WHAT YOU NEED TO DO: Print the lines below from the line with "Китайские таможенные сотрудники" to the line with "Tour à chat pour chat-954362445" exactly, keeping both ends, and print no pictures.

[DATASET EXCERPTS]

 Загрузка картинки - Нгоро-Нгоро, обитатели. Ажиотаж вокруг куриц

[/DATASET EXCERPTS]
[DATASET EXCERPTS]

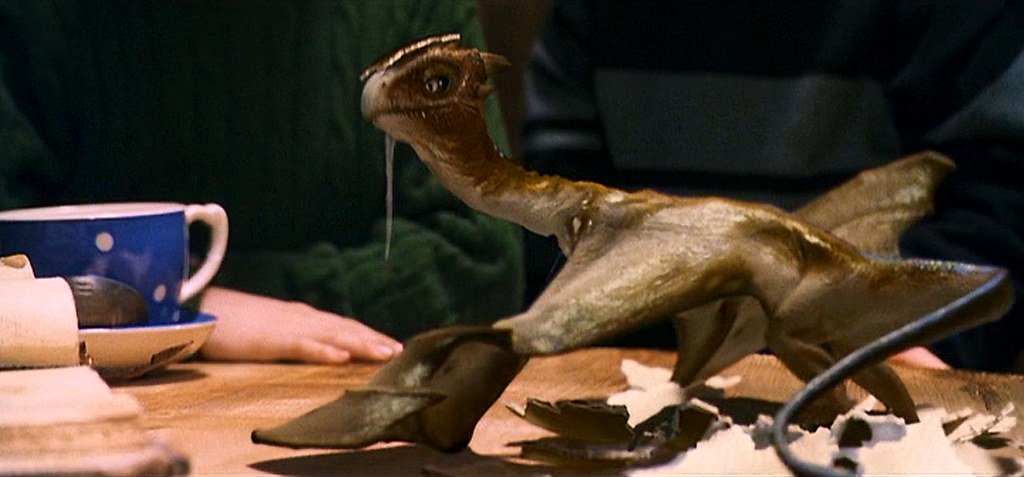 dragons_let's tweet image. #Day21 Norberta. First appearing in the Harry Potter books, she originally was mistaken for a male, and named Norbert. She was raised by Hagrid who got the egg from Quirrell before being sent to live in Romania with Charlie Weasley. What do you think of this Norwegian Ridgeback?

[/DATASET EXCERPTS]
[DATASET EXCERPTS]

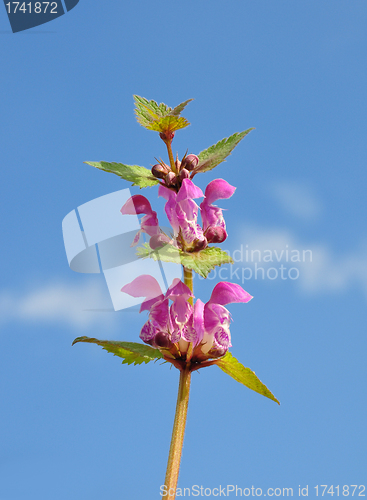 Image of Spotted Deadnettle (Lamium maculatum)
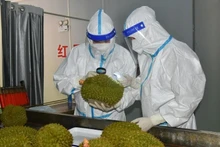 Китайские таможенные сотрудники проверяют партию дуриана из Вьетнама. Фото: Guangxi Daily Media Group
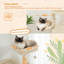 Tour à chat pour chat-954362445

[/DATASET EXCERPTS]

WRITTEN SOLUTION:
 Китайские таможенные сотрудники проверяют партию дуриана из Вьетнама. Фото: Guangxi Daily Media Group
 Tour à chat pour chat-954362445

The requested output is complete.